Addai67 wrote...
CulturalGeekGirl wrote...
One thing I feel probably colors your interpretation is this: you seem to view Vengeance as entirely, simply, and purely a demon, at least by the end of Act 3. And I believe that this view is far too simplistic. If you think of Anders as simply a man with a demon inside him, it's nigh impossible to understand what it is about him that makes the lady cats scream, as Nanny Ogg would say.
Yes, that's what I was thinking when SurelyForth was explaining the sympathy towards Anders' decision to merge with Justice. It's not only that I/ my mage Hawke would consider Justice a demon or close enough to it not to matter- Anders bascially says this. "He is no longer my friend, he is vengeance." That, taken together with the constant warnings Anders gives Hawke that he could lose control and hurt her (physically, not just emotionally) pretty much seals the deal. This is in act 1, not even in later acts where you see that he wasn't kidding.

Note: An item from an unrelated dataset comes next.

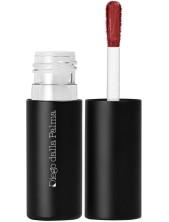 Diego Dalla Palma Base & Eyeshadow – Base E Ombretto - 47 Rosso Amaranto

Whether the cause is good or bad, whether his methods are wise or not doesn't matter. That isn't the point. The thing that consumes him could be good, or bad, or neutral. The question is this: does your ego allow you to connect with someone who won't always put you first, or can you only exist in a relationship where the sole light of the other person's devotion is upon you?
If you're looking for the sincere question behind the deconstruction, there it is.
Er, weren't others saying earlier that Hawke does basically become Anders' whole world, to the point that his view of the world entirely hinges upon Hawke?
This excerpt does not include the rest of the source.